======== Records for processing

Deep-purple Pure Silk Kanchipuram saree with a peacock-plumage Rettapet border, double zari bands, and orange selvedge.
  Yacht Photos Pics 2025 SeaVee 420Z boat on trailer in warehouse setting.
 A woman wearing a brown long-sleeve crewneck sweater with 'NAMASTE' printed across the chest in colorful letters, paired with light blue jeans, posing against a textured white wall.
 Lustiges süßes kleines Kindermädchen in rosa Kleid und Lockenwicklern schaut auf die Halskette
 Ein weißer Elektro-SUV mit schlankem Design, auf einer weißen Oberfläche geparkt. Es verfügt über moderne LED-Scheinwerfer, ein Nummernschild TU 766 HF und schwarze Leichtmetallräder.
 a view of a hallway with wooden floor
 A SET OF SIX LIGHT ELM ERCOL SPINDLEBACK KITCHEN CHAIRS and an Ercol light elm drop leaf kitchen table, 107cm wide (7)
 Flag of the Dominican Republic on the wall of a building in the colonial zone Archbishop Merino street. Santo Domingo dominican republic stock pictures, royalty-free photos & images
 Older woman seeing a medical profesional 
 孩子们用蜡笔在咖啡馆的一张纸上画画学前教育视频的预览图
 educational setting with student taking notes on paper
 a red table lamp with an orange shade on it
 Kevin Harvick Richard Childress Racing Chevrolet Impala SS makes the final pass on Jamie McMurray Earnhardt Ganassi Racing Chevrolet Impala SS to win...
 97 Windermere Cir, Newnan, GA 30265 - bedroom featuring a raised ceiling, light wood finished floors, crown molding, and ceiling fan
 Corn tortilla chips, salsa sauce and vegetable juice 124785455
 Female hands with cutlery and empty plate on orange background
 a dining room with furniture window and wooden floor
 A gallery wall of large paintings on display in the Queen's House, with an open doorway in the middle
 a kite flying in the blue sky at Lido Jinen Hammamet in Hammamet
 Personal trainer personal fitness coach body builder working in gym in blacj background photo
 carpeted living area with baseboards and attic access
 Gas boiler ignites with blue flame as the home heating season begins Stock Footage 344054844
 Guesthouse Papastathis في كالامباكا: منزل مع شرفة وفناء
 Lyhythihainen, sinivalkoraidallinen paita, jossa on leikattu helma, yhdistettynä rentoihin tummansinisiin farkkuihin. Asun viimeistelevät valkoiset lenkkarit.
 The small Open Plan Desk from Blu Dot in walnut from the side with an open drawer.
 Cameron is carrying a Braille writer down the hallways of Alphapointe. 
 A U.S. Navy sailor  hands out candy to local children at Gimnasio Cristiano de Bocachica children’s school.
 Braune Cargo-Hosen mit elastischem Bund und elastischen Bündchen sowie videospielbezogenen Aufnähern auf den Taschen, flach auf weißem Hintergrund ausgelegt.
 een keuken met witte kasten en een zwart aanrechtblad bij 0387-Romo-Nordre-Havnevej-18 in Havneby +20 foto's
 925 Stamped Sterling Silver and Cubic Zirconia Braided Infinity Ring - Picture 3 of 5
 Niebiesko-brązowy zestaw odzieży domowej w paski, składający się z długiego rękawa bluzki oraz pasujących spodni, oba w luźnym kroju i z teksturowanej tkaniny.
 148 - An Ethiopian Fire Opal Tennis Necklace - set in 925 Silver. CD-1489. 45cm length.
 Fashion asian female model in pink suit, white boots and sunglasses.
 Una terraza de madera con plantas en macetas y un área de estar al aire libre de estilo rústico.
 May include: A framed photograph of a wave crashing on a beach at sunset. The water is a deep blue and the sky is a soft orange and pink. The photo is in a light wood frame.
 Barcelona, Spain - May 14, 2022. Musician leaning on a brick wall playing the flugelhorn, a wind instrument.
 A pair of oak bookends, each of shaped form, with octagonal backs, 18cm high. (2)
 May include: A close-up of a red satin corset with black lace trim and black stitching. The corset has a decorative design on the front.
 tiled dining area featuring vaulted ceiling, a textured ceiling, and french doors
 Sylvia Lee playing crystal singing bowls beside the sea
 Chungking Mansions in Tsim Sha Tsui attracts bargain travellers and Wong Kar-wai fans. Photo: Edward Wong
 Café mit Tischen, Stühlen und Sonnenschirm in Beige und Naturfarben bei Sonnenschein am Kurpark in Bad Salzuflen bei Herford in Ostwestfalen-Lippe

================

Each line of the data above containing the string "background" is to be copied.

--- Exercise output ---
 Female hands with cutlery and empty plate on orange background
 Personal trainer personal fitness coach body builder working in gym in blacj background photo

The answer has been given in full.